It is possible to draft a general agency agreement, in which the principal grants the agent the power to perform any legal act that the principal is entitled to perform. A limited agency agreement, by contrast, transfers only those legal powers that are specifically authorized by the agreement. A limited agency agreement may be durable (effective until revoked by the principal), temporary (drafted to expire on a particular date or event) or springing (drafted to go into effect on a certain date or in response to particular event).
The legal powers granted to the agent should be carefully worded. If they are drafted too broadly, the agent may be authorized to perform acts the principal never intended. If they are drafted too narrowly, the agent may lack the authority to carry out the principal's purpose. If the principal's purpose is to have the agent sell his car while he is posted overseas, for example, the agent must have the authority to sign the purchase contract and the title transfer application. On the other hand, the authority to "sell my car" might be too broad and ambiguous if the principal owns more than one car.
The way the duration of the agent's authority is expressed depends on the purpose of the agency. If no duration is stated, the laws of most states treat the agent's authority as permanent unless later revoked by the principal in writing. The duration may be defined circumstantially — in the above example, the agent's authority may expire as soon as the car is sold or the principal returns from overseas, whichever occurs first. No matter how the agreement is drafted, the principal may always revoke in writing as long as he is mentally competent and able to communicate.

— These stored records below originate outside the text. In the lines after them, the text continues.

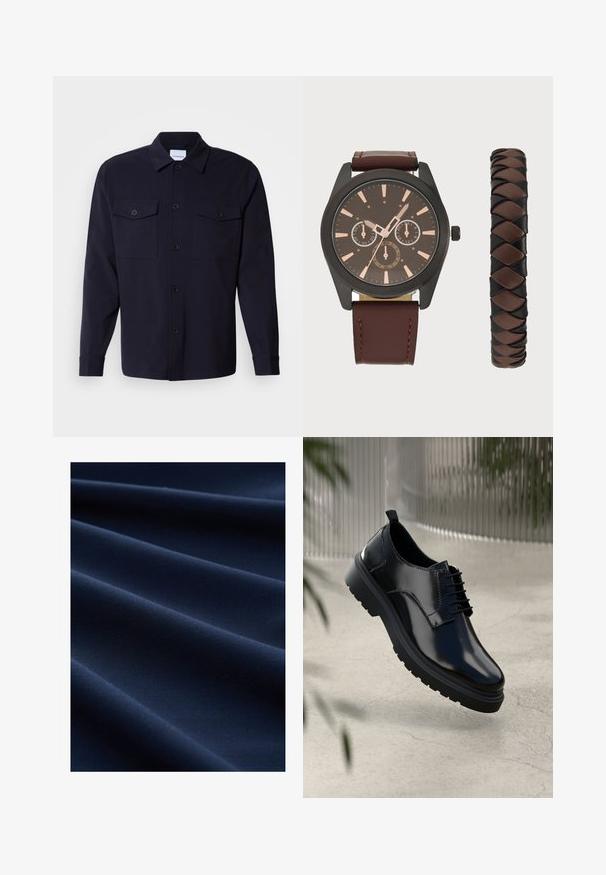 Temno modra srajčna jakna iz mehkega materiala, z dvema žepoma na prsih, gumbom zapenjanjem in dolgimi rokavi z gumbnimi manšetami.; Temno modro blago z gladko teksturo, ki vsebuje diagonalne gube, ki ustvarjajo globino in dimenzijo v draperiji.; Črne usnjene čevlje z sijajno površino, okrogle prste, vezalni dizajn, kontrastno šivanje in debel gumijast podplat z vzorci za oprijem.; Pier One SET - Ura - black/brown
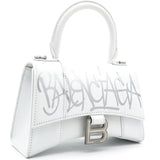 Shiny Box Small Hourglass Top Handle Bag Graffiti White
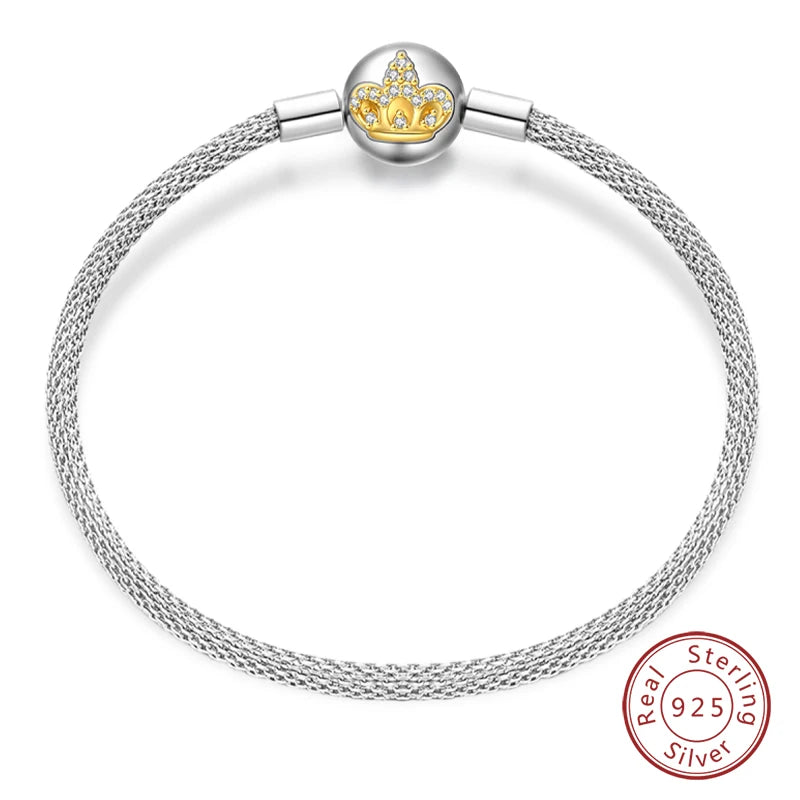 925 Silver Star Moon Clover Bracelet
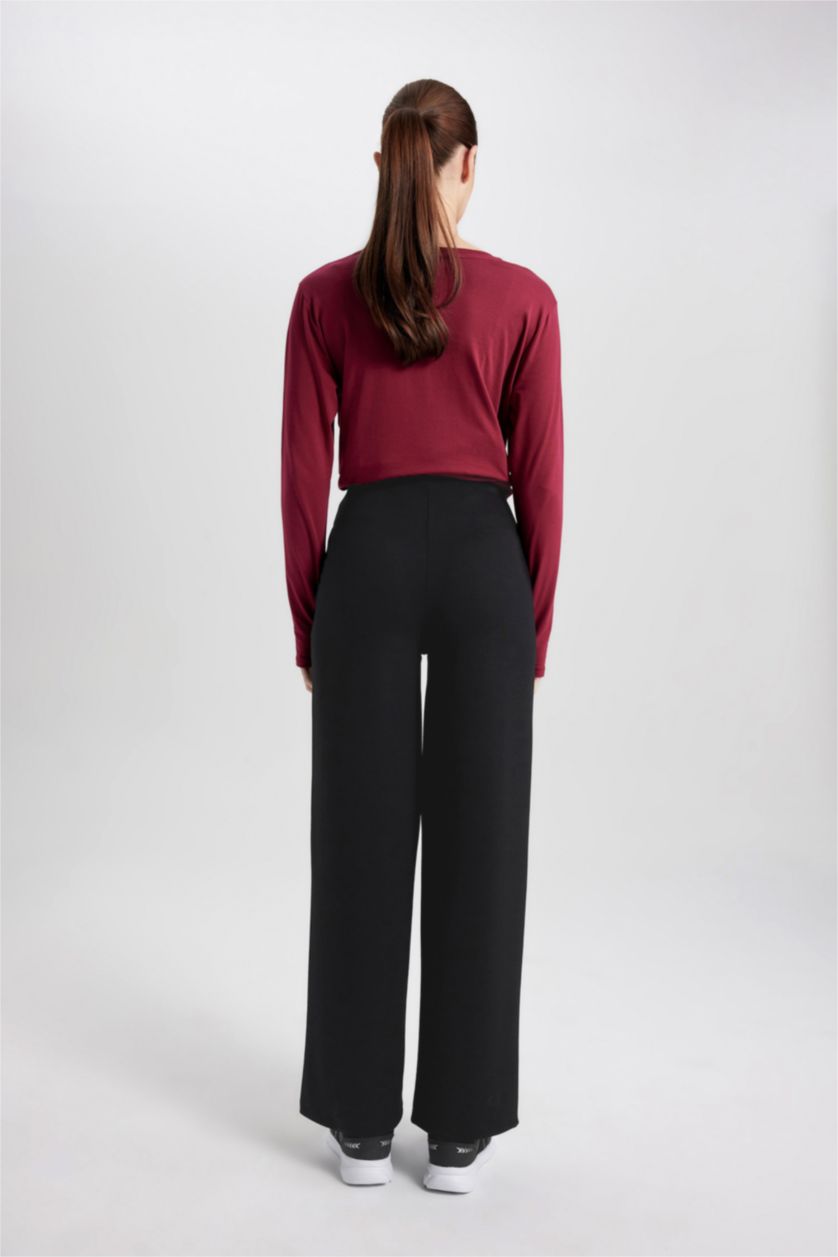 FEMME Noir Pantalon Large à Taille Standard de Qualité Premium de DeFactofit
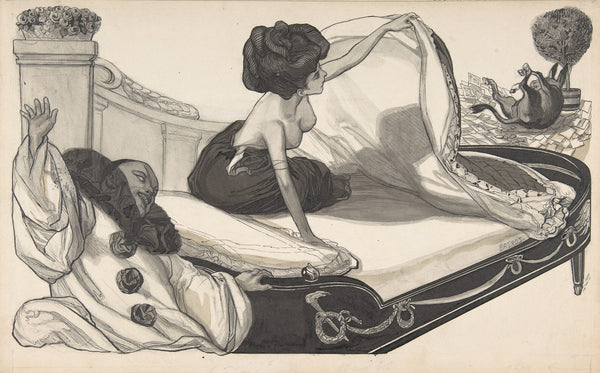 Woman in Bed Observing a Donkey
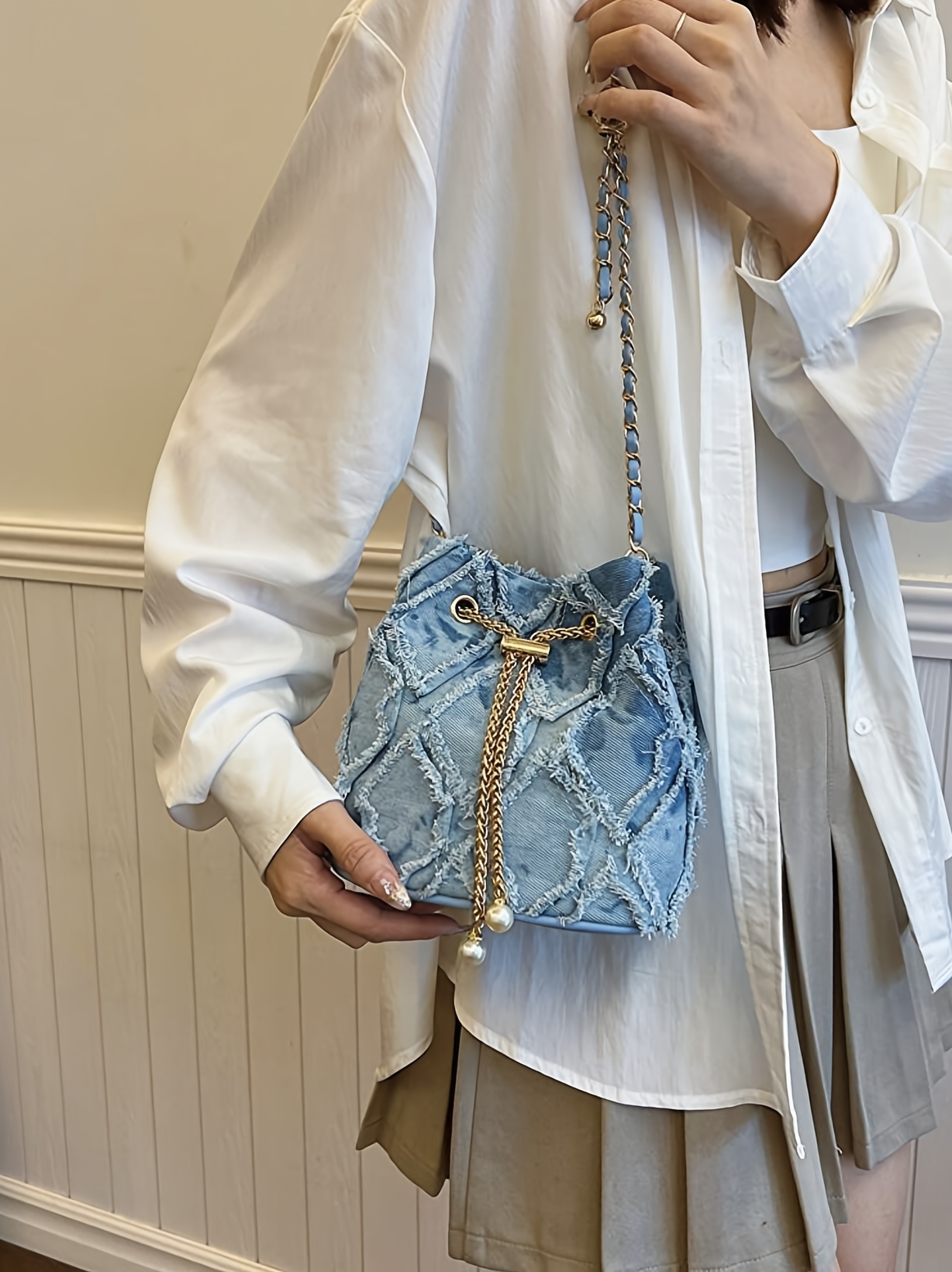 chic denim style bucket bag with faux pearl accent metal chain strap spacious crossbody for for shopping dates details 3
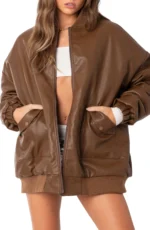 oversized leather bomber jacket women's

Under the legal doctrine of apparent authority, an agent whose authority has expired or has been revoked can still bind the principal to a third party, as long as the third reasonably believed the agent's authority was valid. For example, if the agent negotiates the sale of the principal's car and shows the buyer a signed copy of the limited agency agreement, the agent's signature on the purchase contract will bind the principal to the transaction even if the principal had already revoked the agent's authority by the time the contract was signed, as long as the buyer didn't know about the revocation and had no reason to know about it.